A espacialidade das mulheres e homens incorporados neste trabalho segue num contexto espacial ordenado a partir de diferentes escalas. Pode-se afirmar que, num plano regional, está inserido na região do Pontal do Paranapanema, no município de Euclides da Cunha Paulista (mapa1) perpassando o Assentamento Tucano, chegando ao núcleo principal do trabalho, que é a Organização de Mulheres do Assentamento Tucano (OMAT) e as relações interpessoais estabelecidas entre esses sujeitos. Apesar desta sequência, convém frisar que nada está rigidamente estruturado, há uma interação contínua e dinâmica, entre elementos, órgãos públicos e sujeitos que estão justapostos em todos os níveis mencionados.

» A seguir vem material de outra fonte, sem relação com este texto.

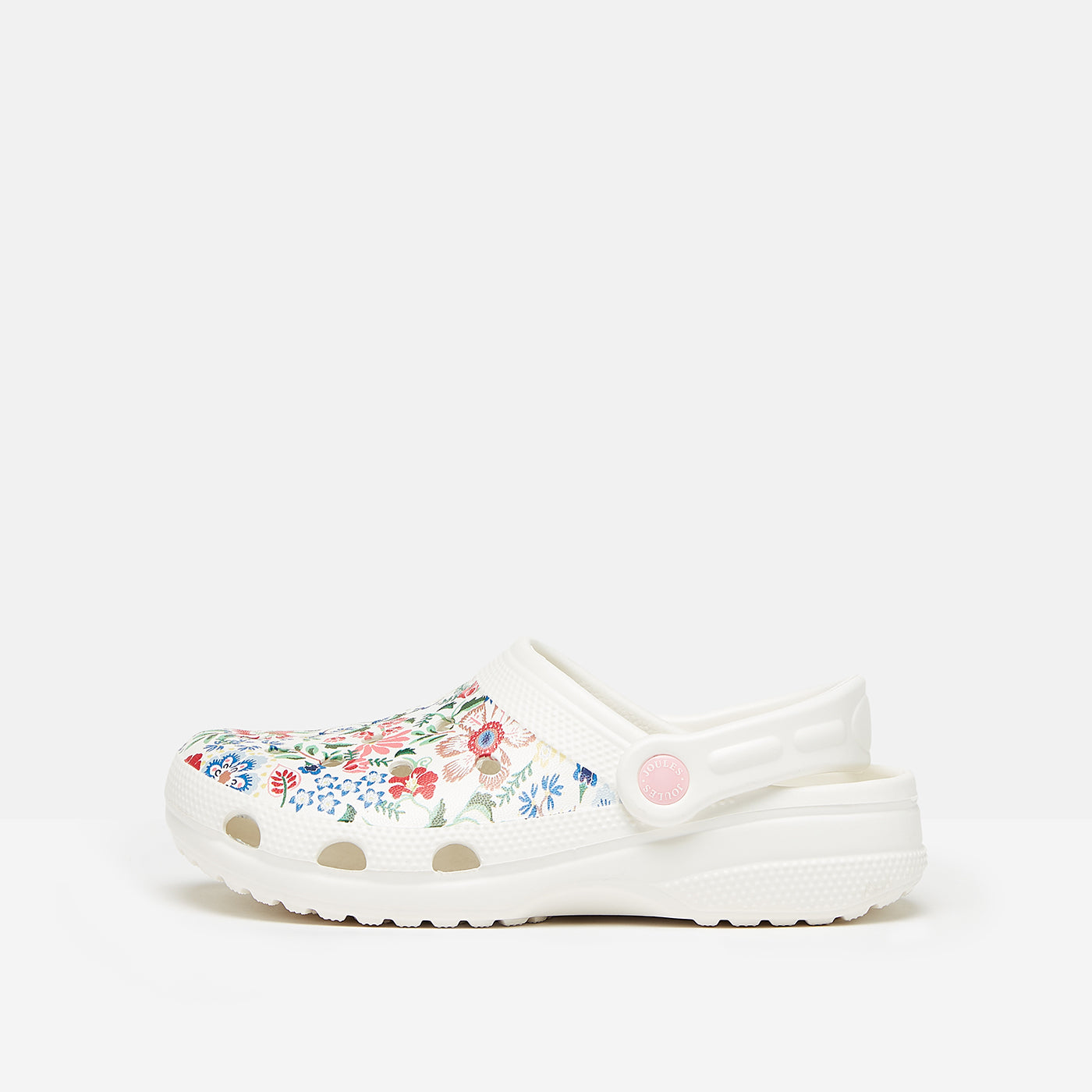 Joules Jnr Poole E00656 White Floral Footwear UK8 INFANT / White,UK9 KIDS / White,UK10 KIDS / White,UK11 KIDS / White,UK12 KIDS / White,UK13 KIDS / White,UK1 KIDS / White,UK2 KIDS / White,UK3 / White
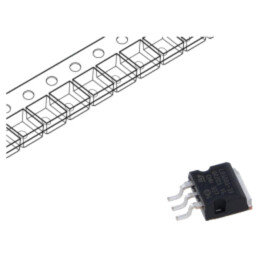 IC: stabilizator de tensiune; LDO,liniar,nereglabil; 3,3V; 3A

85 Mapa 1. Localização do município de Euclides da Cunha Paulista
86 O núcleo urbano de Euclides da Cunha Paulista surgiu no ano de 1965 em virtude da criação do Ramal de Dourados (extensão da Estrada de Ferro Sorocabana, que deveria interligar os municípios de Presidente Prudente e Dourados - MS). No entanto, o plano não se concretizou, e a última estação foi a de Euclides da Cunha Paulista. Apesar de sua formação iniciar-se nos anos 1960, sua elevação à categoria de município ocorreu em 1993, pois até então era um distrito do município de Teodoro Sampaio (SOUZA, 2007).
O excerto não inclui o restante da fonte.